Apple Announces iPad Air 2, iPad mini 3, OS X Yosemite and More
Many outlets are reporting on Apple's iPad event today. Highlights include:
- Apple pay will launch Monday.
- WatchKit -- a way for developers to make apps for the Apple Watch will launch next month.
- iOS 8.1
- Messages, iTunes, and iWork updated and many more new features in OS X Yosemite.
- You can send and receive calls on your Mac if you have an iPhone with iOS 8 that's signed into the same FaceTime account.
- iPad Air 2: New camera, 10 hour battery life, 12x faster than the original iPad.
- iPad mini 3.
- iMac with Retina display.
- And a Mac mini update: Faster processors, Intel Iris graphics, and two Thunderbolt 2 ports.
For those of you who are a fan of customizing the colors of message bubbles in Messages.app and don't like that Apple removed this ability as part of the iOSification of Yosemite, there's an app for that: https://github.com/kethinov/Bu...
I made this during the developer previews because I don't like the default puke green for most of my IM conversations. Hope this helps some people. Source code also available.
You're right, I wouldn't steal a car. But if it were possible, I sure as hell would download one!
Yosemite Sam was the hootinst, tootinist, shootinist bobtail wildcat in the west!
This has been my experience, too. They make good quality hardware, and you will save in the long run, even if they make an insane profit from you in the short term. I'm sure someone on here can point out similar quality PC hardware, but I find other manufacturers to be very uneven. For instance, I got my mother-in-law a high-end HP in 2004 and she is still using it. But some HP machines are absolute garbage.
W..w..W - Willy Waterloo washes Warren Wiggins who is washing Waldo Woo.
Considering that my Black MacBook (2006) lasted eight years, it was a good investment.
My XPS from 2006 is still with me, but the equivalent Macbook would have been far more expensive. What is your point?
The Daddy casts sleep on the Baby. The Baby resists!
I spent $1,200 on my Black MacBook and got eight years of use ($150 per year). Prior to that, I spent $1,200 on a Dell laptop that gave me three years of use ($400 per year). Do the math.
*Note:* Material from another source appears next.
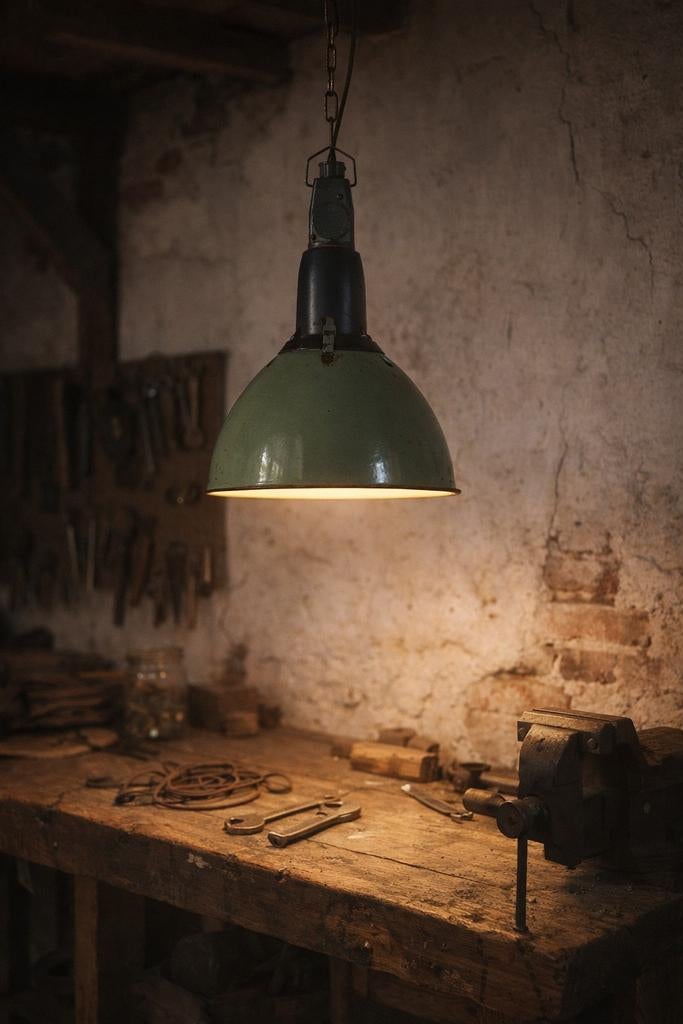 Vintage groene emaille industriële hanglamp (Sovjet-Unie), Huis en Inrichting, Lampen | Hanglampen, Gebruikt, 50 tot 75 cm, Ophalen of Verzenden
Your two data points have me convinced.
Still no new macbook pro...
Thats it, I'm out. I'll just get a Nexus 9 and a keyboard and move to the cloud.
-- Senior Software Engineer, Attorney appearance services, locallawyerapp.com.
your understanding is incorrect. Apple has explicitly stated that the transaction is 100% between The Merchant, Your Bank, and you. Apple does not receive a copy of the transaction, they don't know who you've shopped with, and that they don't know that any specific transaction has happened.
The only thing Apple does is act as the facilitator to getting the device-specific account number in to the phone. So Apple could know which credit cards you have setup in your device and that's about it.
Are you sure about that? The current generation of iMacs can act as a standard monitor when connected to another machine. Up until a few weeks ago, I was using one that had a failed hard drive in it as a monitor for a desktop PC via a simple mini Displayport to Displayport cable connected to the PC's graphics card.
There is a good possibility that the new iMacs can also be used as a monitor as well.
How doesn't it? My understanding is that instead of paying by your credit card, your Apple Account gets hit for the charge and Apple pays the vendor and then Apple charges your linked credit card, just like for existing in-app purchases. Since it's your Apple Account doing the purchasing, Apple is in the loop and sees every transaction that you make.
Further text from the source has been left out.